Da nach der Sitztheorie eine rechtsfähige juristische Person mit Verwaltungssitz in der Bundesrepublik nur existiert, wenn sie nach Maßgabe deutschen Rechts organisiert ist, wäre eine Rechtsfähigkeit der Klägerin als Gesellschaft niederländischen Rechts nur dann gegeben, wenn sich der Sitz ihrer Hauptverwaltung nach wie vor auf niederländischem Staatsgebiet befände. Dies ist jedoch nicht der Fall, wie die Klägerin letztlich auch selbst einräumt. In ihrem Schriftsatz vom 11.10.1997 (Bl. 79 GA) und in der Abtretungserklärung vom 13.10.1997 (Bl. 183 GA) hat sie nämlich ausgeführt, faktisch werde sowohl die Verwaltung, als auch die Geschäftsführung in der Bundesrepublik vorgenommen. Soweit sie mit der Berufung vorbringt, in den Räumen der Wirtschaftsprüfungsgesellschaft P W in A würden die Gesellschaftertagungen abgehalten, Beschlüsse gefasst und Geschäftsunterlagen aufbewahrt, ist dies nicht nur – was die Beklagte in der Berufungserwiderung bereits beanstandet hat – mangels konkreter und detaillierter Angaben zu den behaupteten Tagungen, Versammlungen und dort aufbewahrten Unterlagen substanzlos, was auch die Beklagte bereits gerügt hat (Bl. 250 GA), sondern entbehrt auch jeglicher Lebensnähe und Wahrscheinlichkeit. Denn wie die Klägerin selbst im folgenden Abschnitt zugesteht, finden die Besprechungen und Entscheidungen vor den Gesellschaftsversammlungen ebenso wie die Gespräche mit den Vertragspartnern und Anwälten wegen des Wohnsitzes der Geschäftsführer in D statt. Dass der Mehrheitsgesellschafter F H (97,5 %) und der Minderheitsgesellschafter K H (2,5 %) zur Abhaltung von Gesellschaftsversammlungen die Räume der Firma P W in A aufsuchen, ist auf diesem Hintergrund unglaubhaft. Das gleiche gilt für die Aufbewahrung von Geschäftsunterlagen, die schließlich in D benötigt werden, wo die getroffenen Entscheidungen in laufende Geschäftsführungsakte umgesetzt werden. Der ohnehin nur im Grundbuchverfahren anerkannte Erfahrungssatz, dass die Gesellschaft ihren Verwaltungssitz in dem Land besitzt, nach dessen Recht sie organisiert ist (OLG Hamm, NJW-RR 95, 469, 470), ist damit entkräftet. Ohne Bedeutung sind für den Rechtsstreit auch – wie das Landgericht zutreffend ausgeführt hat – die steuerliche Behandlung der Klägerin durch das Finanzamt und die dessen Entscheidung zugrundeliegenden Erwägungen.

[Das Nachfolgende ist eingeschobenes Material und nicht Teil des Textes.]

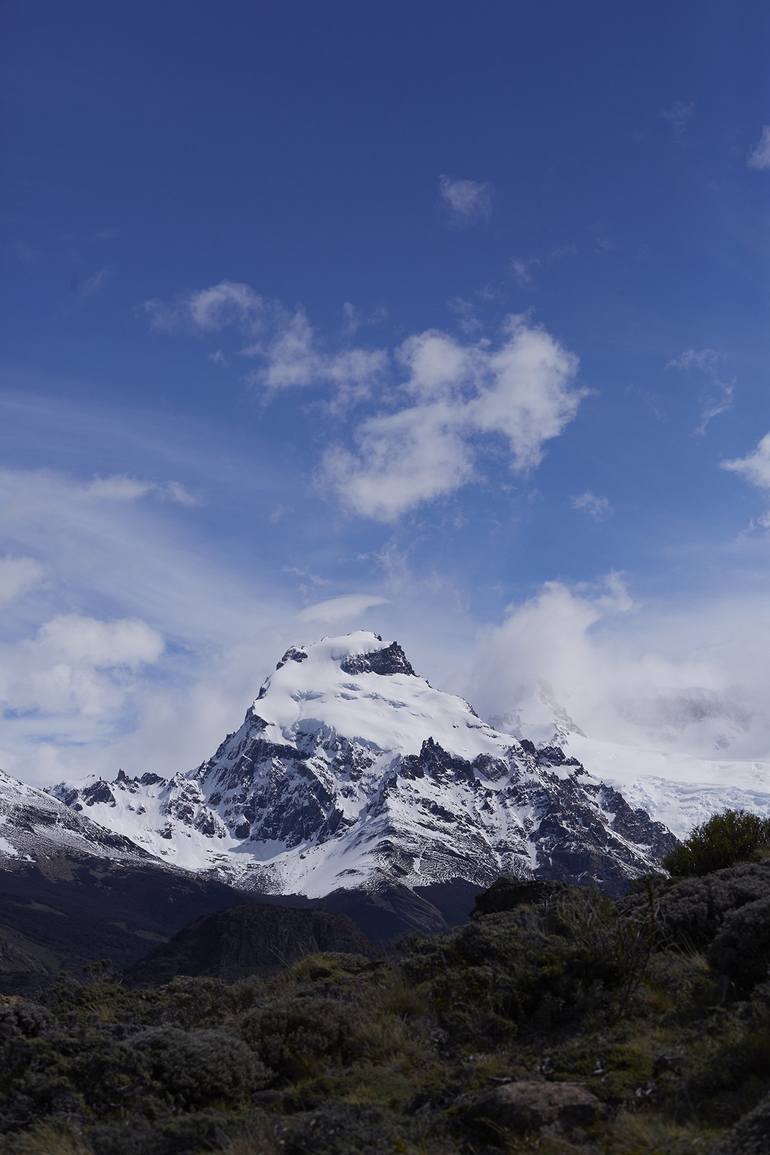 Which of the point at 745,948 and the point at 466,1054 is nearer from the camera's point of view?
the point at 466,1054

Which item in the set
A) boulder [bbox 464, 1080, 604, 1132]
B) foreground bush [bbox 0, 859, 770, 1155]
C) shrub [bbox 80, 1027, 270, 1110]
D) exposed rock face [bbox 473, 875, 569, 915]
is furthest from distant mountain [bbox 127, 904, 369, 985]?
boulder [bbox 464, 1080, 604, 1132]

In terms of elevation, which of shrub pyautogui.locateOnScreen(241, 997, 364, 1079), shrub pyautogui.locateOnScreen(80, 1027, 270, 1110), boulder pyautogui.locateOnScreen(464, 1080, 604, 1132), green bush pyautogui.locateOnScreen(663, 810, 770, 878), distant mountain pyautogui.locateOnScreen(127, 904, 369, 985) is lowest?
distant mountain pyautogui.locateOnScreen(127, 904, 369, 985)

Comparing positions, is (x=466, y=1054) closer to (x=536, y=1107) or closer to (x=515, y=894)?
(x=536, y=1107)

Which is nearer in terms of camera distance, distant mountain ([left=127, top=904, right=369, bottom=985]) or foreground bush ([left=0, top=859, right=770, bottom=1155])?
foreground bush ([left=0, top=859, right=770, bottom=1155])

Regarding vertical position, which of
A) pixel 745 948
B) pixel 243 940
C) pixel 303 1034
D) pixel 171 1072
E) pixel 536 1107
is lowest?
pixel 243 940

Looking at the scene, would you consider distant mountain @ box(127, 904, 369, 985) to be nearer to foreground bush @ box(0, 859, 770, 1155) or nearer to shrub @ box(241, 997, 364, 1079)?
foreground bush @ box(0, 859, 770, 1155)

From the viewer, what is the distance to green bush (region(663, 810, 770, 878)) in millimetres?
18844

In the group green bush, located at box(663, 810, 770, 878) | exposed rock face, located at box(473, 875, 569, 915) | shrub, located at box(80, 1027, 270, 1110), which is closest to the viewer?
shrub, located at box(80, 1027, 270, 1110)

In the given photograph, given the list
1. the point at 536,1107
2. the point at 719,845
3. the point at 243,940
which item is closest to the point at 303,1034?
the point at 536,1107

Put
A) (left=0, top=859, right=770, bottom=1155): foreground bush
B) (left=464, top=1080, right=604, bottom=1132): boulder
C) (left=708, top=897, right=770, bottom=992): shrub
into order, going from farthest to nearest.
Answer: (left=708, top=897, right=770, bottom=992): shrub < (left=0, top=859, right=770, bottom=1155): foreground bush < (left=464, top=1080, right=604, bottom=1132): boulder

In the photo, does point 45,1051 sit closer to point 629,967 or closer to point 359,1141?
point 359,1141

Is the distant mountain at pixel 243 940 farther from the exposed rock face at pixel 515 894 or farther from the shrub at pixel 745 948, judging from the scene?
the shrub at pixel 745 948

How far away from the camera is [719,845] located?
1911 cm

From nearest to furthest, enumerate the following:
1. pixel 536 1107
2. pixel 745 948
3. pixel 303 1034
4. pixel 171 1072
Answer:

Ebenso wenig ergibt sich eine Rechtsfähigkeit der Klägerin sowie eine Parteifähigkeit für einen Aktivprozess daraus, dass sie im Grundbuch als Eigentümerin des Garagen- und Motelgrundstücks eingetragen ist und dass die Rechtsprechung in denjenigen Fällen von einer Parteifähigkeit ausgeht, in welchen eine nicht rechtsfähige Gesellschaft im Grundbuch eingetragen ist und wegen des eingetragenen Eigentums verklagt wird. Denn diese Ausnahme ist nur deswegen geboten, weil andernfalls eine Inanspruchnahme wegen eigentumsbezogener Ansprüche nicht möglich wäre. Die nicht rechtsfähige Gesellschaft wird mithin lediglich als parteifähig behandelt (BGH NJW 1986, 2194, 2195), ihre Parteifähigkeit nur für derartige Fallkonstellationen fingiert.
II.
Auch die Hilfsanträge haben keinen Erfolg.
Sie sind unabhängig von weiteren Fragen bereits deswegen abzuweisen, weil der Prozessstandschafter nur für eine rechts- und parteifähige natürliche oder juristische Person auftreten kann. Daran fehlt es hier jedoch schon aus den oben dargelegten Gründen.
III.
Die Kostenentscheidung beruht auf § 97 Abs. 1 ZPO; die Entscheidung über die vorläufige Vollstreckbarkeit ergibt sich aus §§ 708 Nr. 10, 711, 108 ZPO.
Streitwert des Berufungsverfahrens: 1.163.657,77 DM.
Dem entspricht die Beschwer der Klägerin.